▸ **PROMPT**
Every line containing the word "фото" must be pulled from the records.

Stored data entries
+++
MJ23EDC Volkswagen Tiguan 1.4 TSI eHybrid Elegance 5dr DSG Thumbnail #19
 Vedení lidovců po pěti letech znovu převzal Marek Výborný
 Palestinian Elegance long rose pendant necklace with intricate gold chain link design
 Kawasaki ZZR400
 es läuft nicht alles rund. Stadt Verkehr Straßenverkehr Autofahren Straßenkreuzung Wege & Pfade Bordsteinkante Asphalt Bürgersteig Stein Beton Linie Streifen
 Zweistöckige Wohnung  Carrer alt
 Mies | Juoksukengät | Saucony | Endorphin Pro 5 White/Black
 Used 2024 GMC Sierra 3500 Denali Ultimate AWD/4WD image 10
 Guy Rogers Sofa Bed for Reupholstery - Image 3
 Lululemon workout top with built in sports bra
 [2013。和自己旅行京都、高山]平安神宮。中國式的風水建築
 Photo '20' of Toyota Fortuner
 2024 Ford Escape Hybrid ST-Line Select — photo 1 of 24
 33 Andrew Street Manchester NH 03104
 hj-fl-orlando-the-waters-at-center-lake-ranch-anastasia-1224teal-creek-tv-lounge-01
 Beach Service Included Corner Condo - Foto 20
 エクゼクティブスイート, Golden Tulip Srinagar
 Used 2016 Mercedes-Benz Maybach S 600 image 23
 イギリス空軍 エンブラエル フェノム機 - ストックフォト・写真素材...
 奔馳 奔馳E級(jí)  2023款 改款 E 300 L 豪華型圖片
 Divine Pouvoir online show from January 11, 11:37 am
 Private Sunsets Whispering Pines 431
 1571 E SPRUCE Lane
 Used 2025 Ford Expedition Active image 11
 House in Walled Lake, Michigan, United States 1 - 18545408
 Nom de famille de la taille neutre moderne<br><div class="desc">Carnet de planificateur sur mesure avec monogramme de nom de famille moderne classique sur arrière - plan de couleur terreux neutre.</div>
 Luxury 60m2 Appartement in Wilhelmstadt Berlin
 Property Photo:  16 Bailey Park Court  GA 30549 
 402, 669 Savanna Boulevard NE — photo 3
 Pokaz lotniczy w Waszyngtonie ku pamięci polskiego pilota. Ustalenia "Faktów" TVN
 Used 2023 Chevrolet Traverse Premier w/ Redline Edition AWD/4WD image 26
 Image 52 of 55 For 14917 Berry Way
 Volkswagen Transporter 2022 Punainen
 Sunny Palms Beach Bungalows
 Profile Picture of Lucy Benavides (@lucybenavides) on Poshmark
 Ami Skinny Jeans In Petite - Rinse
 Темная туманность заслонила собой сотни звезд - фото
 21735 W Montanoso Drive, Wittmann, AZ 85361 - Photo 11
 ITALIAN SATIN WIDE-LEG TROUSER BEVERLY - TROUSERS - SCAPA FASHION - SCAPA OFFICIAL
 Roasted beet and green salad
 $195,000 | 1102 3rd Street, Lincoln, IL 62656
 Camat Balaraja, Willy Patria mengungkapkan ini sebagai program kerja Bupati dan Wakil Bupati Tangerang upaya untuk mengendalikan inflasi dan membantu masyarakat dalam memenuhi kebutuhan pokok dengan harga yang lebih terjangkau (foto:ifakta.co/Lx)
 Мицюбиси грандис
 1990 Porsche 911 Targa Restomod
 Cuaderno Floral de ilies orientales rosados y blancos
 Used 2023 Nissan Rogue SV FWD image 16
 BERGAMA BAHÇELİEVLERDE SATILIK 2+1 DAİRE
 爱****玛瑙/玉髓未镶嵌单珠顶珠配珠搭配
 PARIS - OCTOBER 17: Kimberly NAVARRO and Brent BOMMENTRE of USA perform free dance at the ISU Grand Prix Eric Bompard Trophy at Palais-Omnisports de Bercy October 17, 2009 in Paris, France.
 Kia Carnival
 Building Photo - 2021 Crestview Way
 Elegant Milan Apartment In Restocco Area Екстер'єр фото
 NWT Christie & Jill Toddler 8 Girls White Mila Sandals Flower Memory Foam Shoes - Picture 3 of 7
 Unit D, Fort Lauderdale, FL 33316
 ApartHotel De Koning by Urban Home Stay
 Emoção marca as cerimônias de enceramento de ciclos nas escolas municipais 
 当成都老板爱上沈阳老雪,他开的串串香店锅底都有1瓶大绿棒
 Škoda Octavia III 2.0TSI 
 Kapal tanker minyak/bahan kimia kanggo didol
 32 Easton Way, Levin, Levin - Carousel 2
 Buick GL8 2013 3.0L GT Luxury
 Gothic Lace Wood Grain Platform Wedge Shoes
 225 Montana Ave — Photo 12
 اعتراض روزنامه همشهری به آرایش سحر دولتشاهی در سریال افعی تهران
+++
▸ **OUTPUT**
 Темная туманность заслонила собой сотни звезд - фото
 Elegant Milan Apartment In Restocco Area Екстер'єр фото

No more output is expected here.